Every year tonnes of old office chairs end up in the landfill, practically increasing the carbon footprint and adding to the disposed-off waste. Seeing this predicament, Thomas Howell-Jones, a Birmingham-based product design student has come up with a simple yet useful idea. He’s using the back rest of disposed-off chairs in the landfill to make backpacks that double as bicycle panniers. To top it off, these backpacks are durable, waterproof and impact-resistant.
Howell likes to call this hard-shell backpack ‘Rest’, and for its effective utility it won the 2017 RSA Re-Work Brief Winner. The rugsack has got funding from RSA fellowship and other industry contacts which points towards a huge probability that it will make it to the market in coming years.

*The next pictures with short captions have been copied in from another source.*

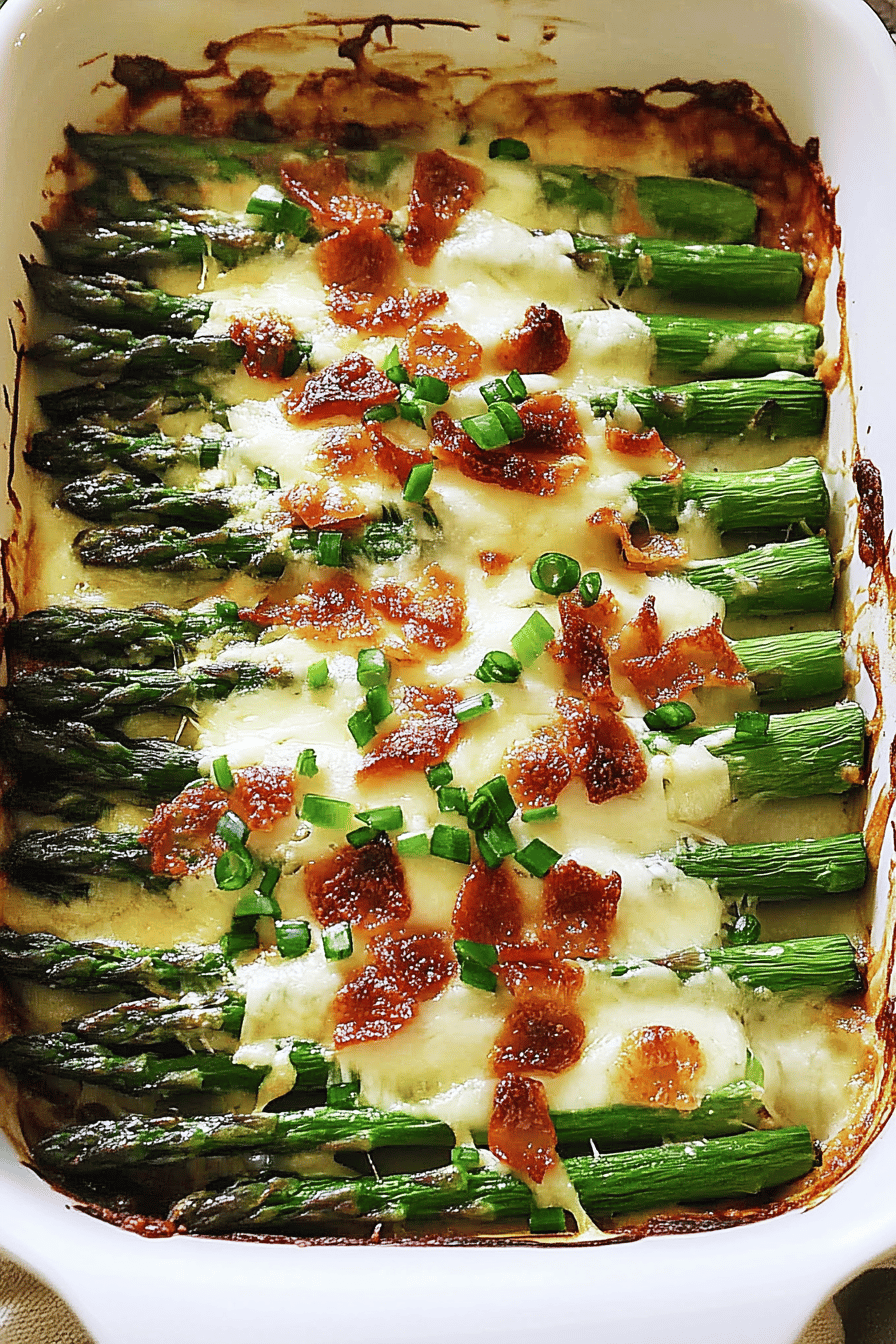 Cheesy Baked Asparagus slice on plate showing perfect texture and swirl pattern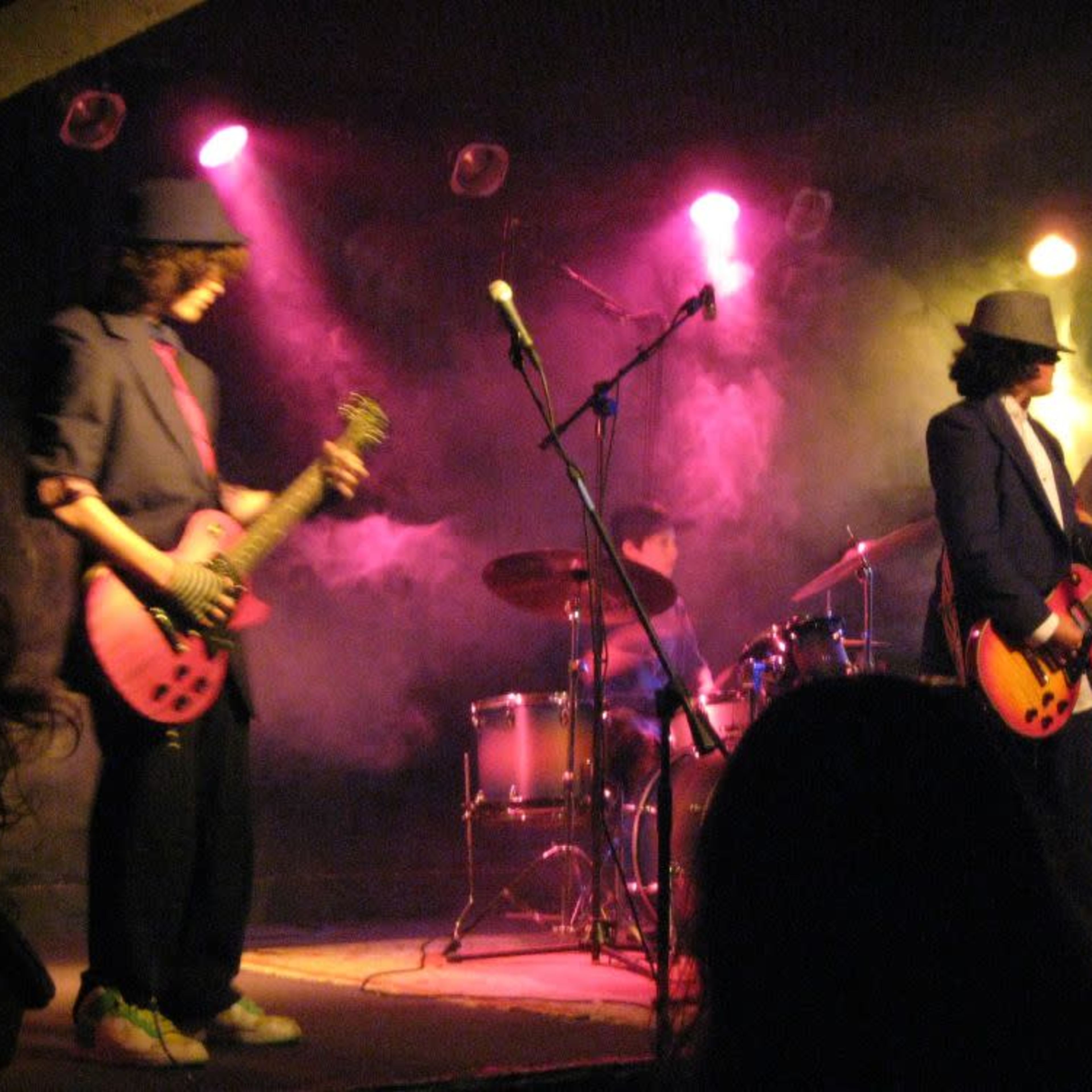 A band performs on stage with electric guitars and a drum set, surrounded by colorful stage lights and fog.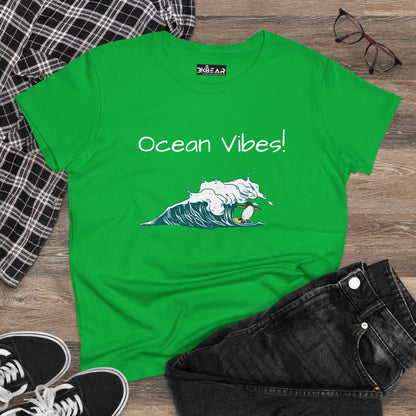 Green Printify T-shirt with ocean vibes beach graphic tee design featuring wave and surfer illustration
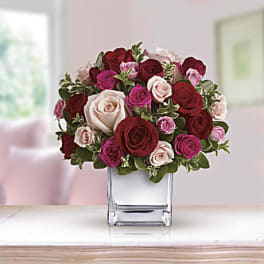 Bouquet of red, pink, and white roses in a clear glass vase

Coming on to the utility of this dual utility backpack, it morphs from rucksack to a pannier bag by simply tightening the exposed straps. The fact that this backpack has a robust chair back rest, therefore it is highly impact resistant. Its high capacity size makes it ideal for bike messenger jobs or for that matter carrying stuff on daily basis too.
To increase the strength of this backpack, a new kind of attachment technique called G-hook is used for strength and durability.
Although there is no word on the availability of this backpack yet, those of you who have discarded chairs laying around in the house can salvage them to make something similar. That’s because Howell is generous enough to share the DIY technique on his website.